Elles sont caractérisées par le traumatisme initial, les traitements subis, la souffrance morale.
Côtées à 1,5/7, elles seront réparées par l’allocation de la somme de 2 000 euros.
— Déficit fonctionnel permanent
Ce préjudice a pour composante les atteintes aux fonctions physiologiques de la victime, les douleurs qui persistent depuis la consolidation, la perte de la qualité de la vie et les troubles définitifs apportés à ces conditions d’existence.
M. [D] [J] sollicite une somme de 2 420 euros.
La société Allianz Iard offre une somme de 1 600 euros.
L’expert a retenu un déficit fonctionnel permanent de 2 %.
La victime étant âgée de 62 ans lors de la consolidation de son état, il sera fixé une valeur du point de 1 210 euros et il lui sera alloué une indemnité de 2 420 euros.
— Préjudice d’agrément
Ce poste de préjudice indemnise l’impossibilité ou les difficultés pour la victime de pratiquer ou de poursuivre régulièrement une activité spécifique sportive ou de loisirs.
M. [D] [J] sollicite une somme de 1 000 euros.
La société Allianz Iard conclut au rejet.
M. [D] [J] ne produit aucun justificatif indiquant qu’il ne peut plus pratiquer le yoga. La demande est ainsi rejetée.
C) sur le doublement des intérêts au taux légal
M. [D] [J] demande que le doublement des intérêts au visa de l’article L 211-9 du code des assurances, soit appliqué du 17/03/2021 jusqu’au jugement définitif.
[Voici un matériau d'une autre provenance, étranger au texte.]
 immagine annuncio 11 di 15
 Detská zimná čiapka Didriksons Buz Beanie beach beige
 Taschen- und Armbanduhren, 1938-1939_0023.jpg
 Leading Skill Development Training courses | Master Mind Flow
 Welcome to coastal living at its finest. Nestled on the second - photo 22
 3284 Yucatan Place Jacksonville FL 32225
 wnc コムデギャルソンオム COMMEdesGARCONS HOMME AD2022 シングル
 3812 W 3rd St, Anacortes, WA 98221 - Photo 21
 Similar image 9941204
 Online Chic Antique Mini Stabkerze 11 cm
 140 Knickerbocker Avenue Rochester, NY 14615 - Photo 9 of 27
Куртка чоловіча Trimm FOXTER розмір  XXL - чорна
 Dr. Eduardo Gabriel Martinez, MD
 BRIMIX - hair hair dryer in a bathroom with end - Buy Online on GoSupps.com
La société Allianz Iard s’y oppose.
L’article L 211-9 du code des assurances a été rédigé lors de la loi du 1er/08/2003 et M. [D] [J] ne démontre pas que cet article s’applique pour un accident qui s’est produit en 1979.
Sa demande est rejetée.
D) sur les demandes accessoires
En application de l’article 696 du code de procédure civile, les dépens de l’instance seront supportés par la société Allianz Iard, qui succombe.
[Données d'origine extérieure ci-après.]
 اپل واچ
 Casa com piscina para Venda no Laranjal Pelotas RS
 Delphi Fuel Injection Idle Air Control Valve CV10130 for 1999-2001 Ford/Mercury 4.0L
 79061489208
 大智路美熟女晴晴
L’équité et les circonstances de l’espèce commandent de condamner la société Allianz Iard au paiement d’une somme de 1 000 euros sur le fondement de l’article 700 du code de procédure civile.
La société Allianz Iard sera déboutée de sa demande au même titre.
Il n’y a pas lieu de déclarer le présent jugement commun à la CPAM du Val de Marne dès lors que cet organisme est déjà partie à la procédure.
L’ancienneté de l’accident et des aggravations justifie que soit ordonnée l’exécution provisoire sollicitée.
PAR CES MOTIFS
LE TRIBUNAL
Condamne la société Allianz Iard à payer à M. [D] [J] les sommes suivantes, à titre de réparation de la première aggravation son préjudice corporel, provisions non déduites,
— 475,80 euros au titre du déficit fonctionnel temporaire,
— 2 000 euros au titre de la souffrance endurée,
Condamne la société Allianz Iard à payer à M. [D] [J] les sommes suivantes, à titre de réparation de la deuxième aggravation son préjudice corporel, provisions non déduites,
— 475,80 euros au titre du déficit fonctionnel temporaire,
— 2 000 euros au titre de la souffrance endurée,
— 2 420 euros au titre du déficit fonctionnel permanent,
Condamne la société Allianz Iard à payer à M. [D] [J] la somme de 1 000 euros au titre de l’article 700 du code de procédure civile ;
Rejette la demande tenant à voit déclarer commun le présent jugement à la CPAM du Val de Marne celle-ci ayant été valablement assignée et mise dans la cause ;
Rappelle que la présente décision est de droit exécutoire à titre provisoire
Rejette pour le surplus.
**************
signé par Isabelle BOEUF, Vice-Présidente et par Sylvie MARIUS, Greffier, présent lors du prononcé.